Even more impressive, while headlamps for automobiles didn’t arrive until the 20th century, this model of Christian living had already been traveling at night with her own unique headlamp leading her way in the darkness of Rome back in the 14th century.

Her life was a bit uncommon. She was born in a wealthy family and surrounded by many advantages and comforts. As a very young girl, she was impressed with the many religious sisters who walked about the Holy City. Their holiness, their religious habits, from various communities, and their happiness and joy impressed the young girl so much that she expressed an early desire to become one of them. But, her parents had other plans.

Shortly after entering her teenage years, she was married to Lorenzo Ponziani, commander of the papal troops of Rome. This marriage, a very loving one, lasted for more than 40 years.
While Lorenzo dealt with his military issues, our saint would invite her sister, Vannozza, to join her to pray, visit the poor, care for the sick and be involved in various other acts of charity with those most in need. Her example was contagious, and she motivated others to do the same. One source on her life mentions that she became known by the nickname “the queen.”
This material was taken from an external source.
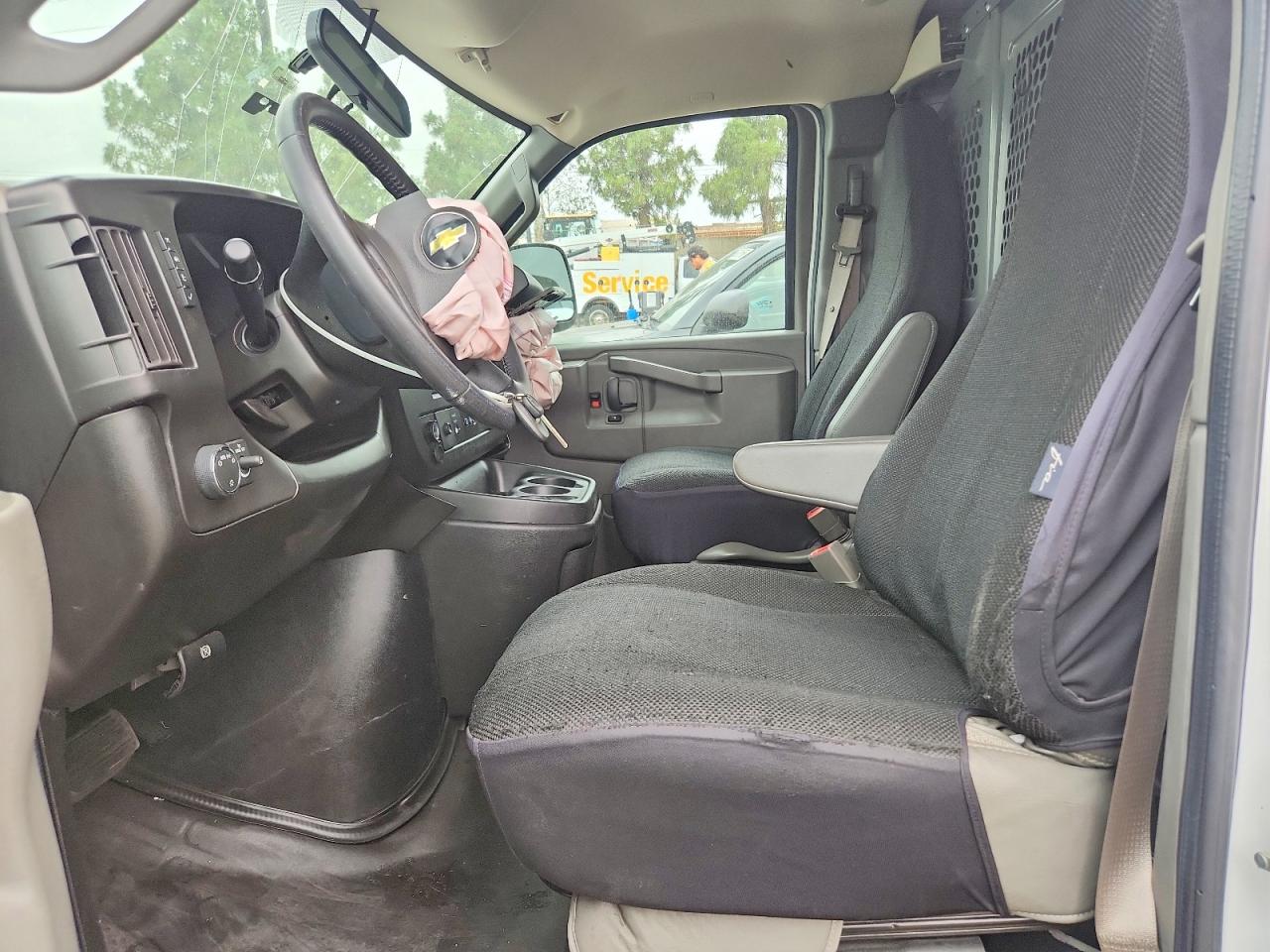 2021 CHEVROLET EXPRESS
Her marriage was a fruitful one. Six children were born in the Ponziani family. Sadly, two died during the plague. Wars and many other hardships did away with her family’s wealth and many possessions, but her suffering did not end there. After being wounded in battle, her loving husband would succumb to his wounds when she was in her mid-50s. But, this widow continued her pious and charitable works.

She founded the Olivetan Oblates of Mary, a confraternity of pious women. She also founded a convent for common life. She received approval of Pope Eugene IV to establish a religious congregation of nuns. A community that became known as the Oblates of Saint Frances of Rome.

She loved Jesus and served Him present in the poor and suffering. She motivated many others to do the same. She died before her 60th birthday.

She was canonized in 1608, and in 1925 Pope Pius XI declared her the patron saint of automobile drivers because of a legend that her guardian angel used to light the road in front of her with a lantern when she would go out at night to help those in need.

Saint Frances of Rome, patroness of drivers, pray for us.